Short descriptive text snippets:
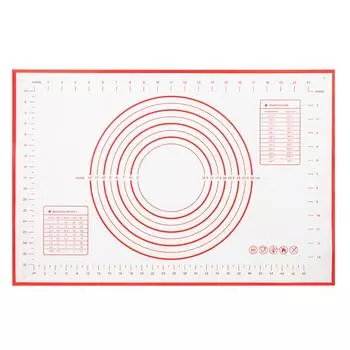 Кухонные принадлежности для выпечки, антипригарный силиконовый коврик для замешивания теста с весами для домашнего использования(красный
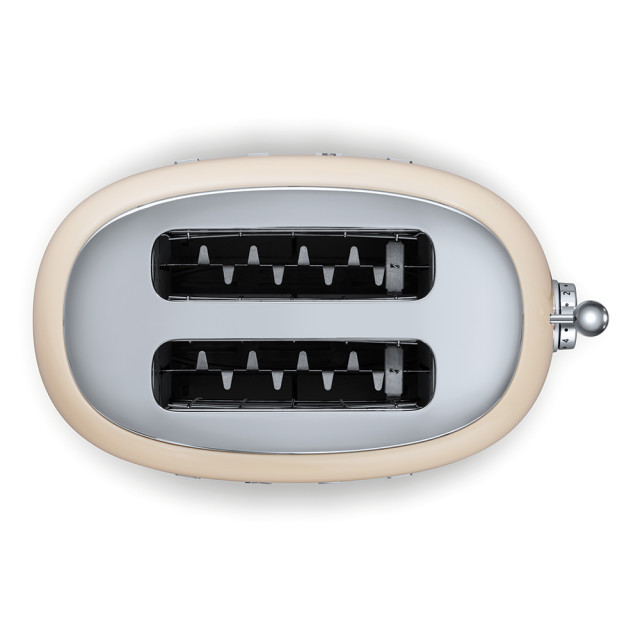 Smeg Retro 950W 2 Slice Toaster, Cream top view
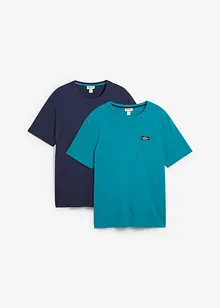 Lot de 2 t-shirts 100% coton, bonprix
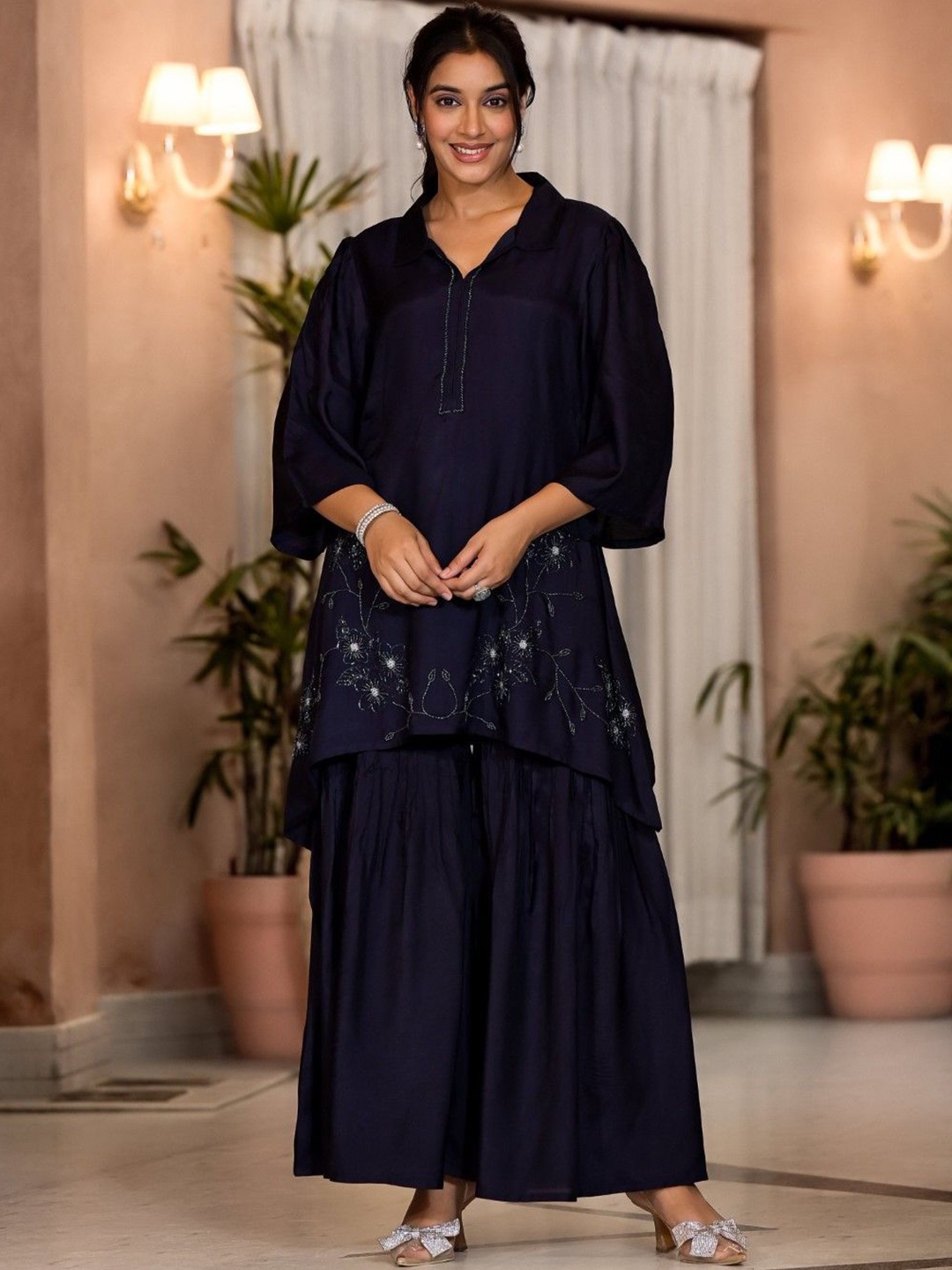 

AUTUMN LANE Irene Midnight Embroidered Tunic With Sharara, Navy blue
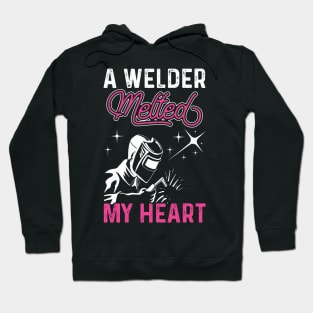 A Welder Melted My Heart T Shirt For Women Men T-Shirt Hoodie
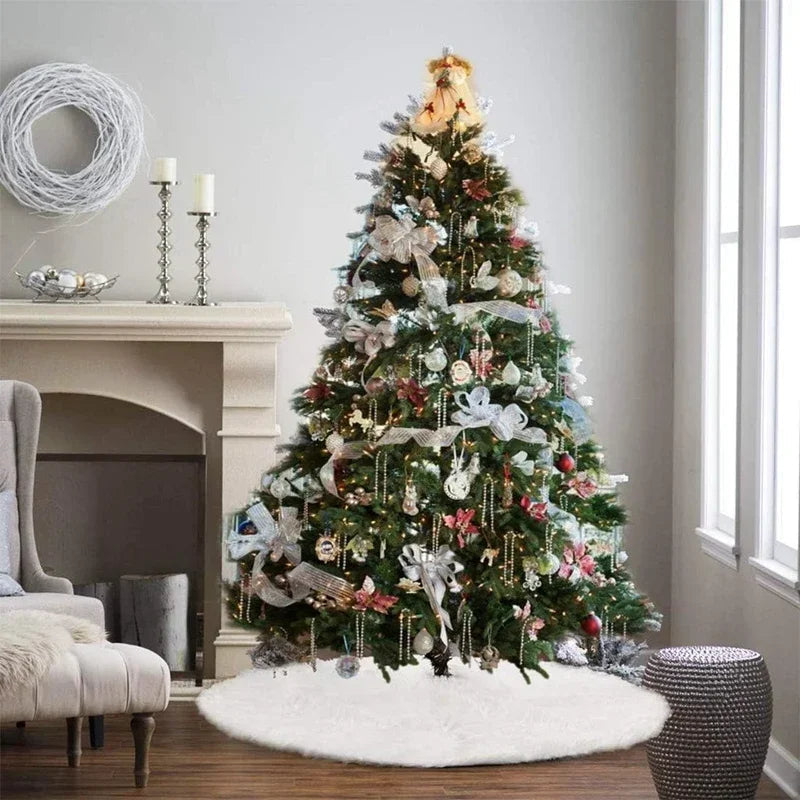 Saia para árvore de Natal Plush Redonda Branco Neve - Casa Farfelle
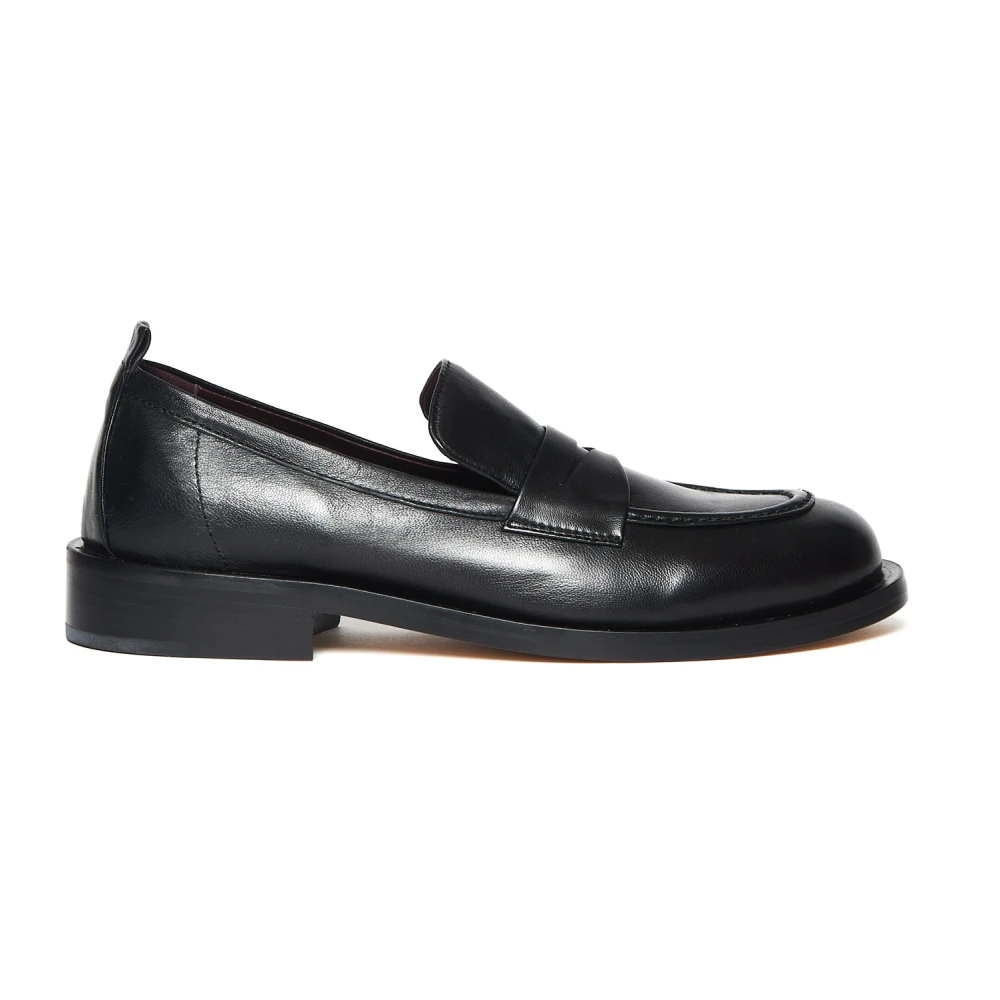 Pomme D'or Zwarte leren mocassin schoen Black Dames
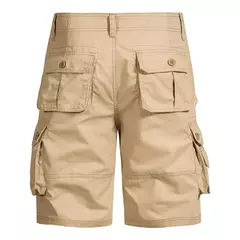 Imagem do Shorts de praia largas para homens, macacão de bolso múltiplo, calça níquel confortável de algodão para o verão, esportes casuais ao ar livre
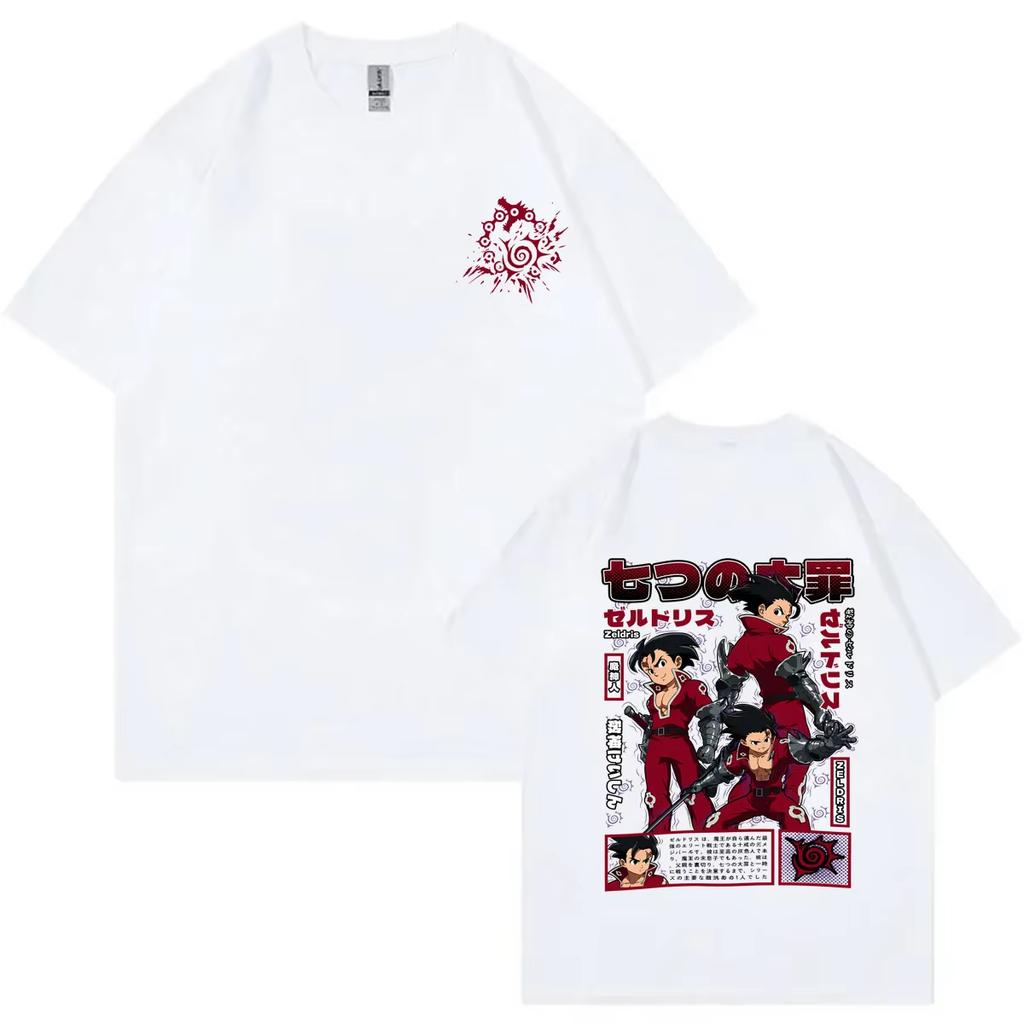 2026 Summer Hot Sale Anime The Seven Deadly Sins Zelldris Graphic Tshirt Unisex Unisexga Oversized Tshirt Harajuku Punk Tshirt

- Instructions to follow: With pictures omitted, reproduce exactly the lines from the line containing "Pomme D'or Zwarte" through the end of the data above.

- Final answer:
 Pomme D'or Zwarte leren mocassin schoen Black Dames
 Imagem do Shorts de praia largas para homens, macacão de bolso múltiplo, calça níquel confortável de algodão para o verão, esportes casuais ao ar livre
 2026 Summer Hot Sale Anime The Seven Deadly Sins Zelldris Graphic Tshirt Unisex Unisexga Oversized Tshirt Harajuku Punk Tshirt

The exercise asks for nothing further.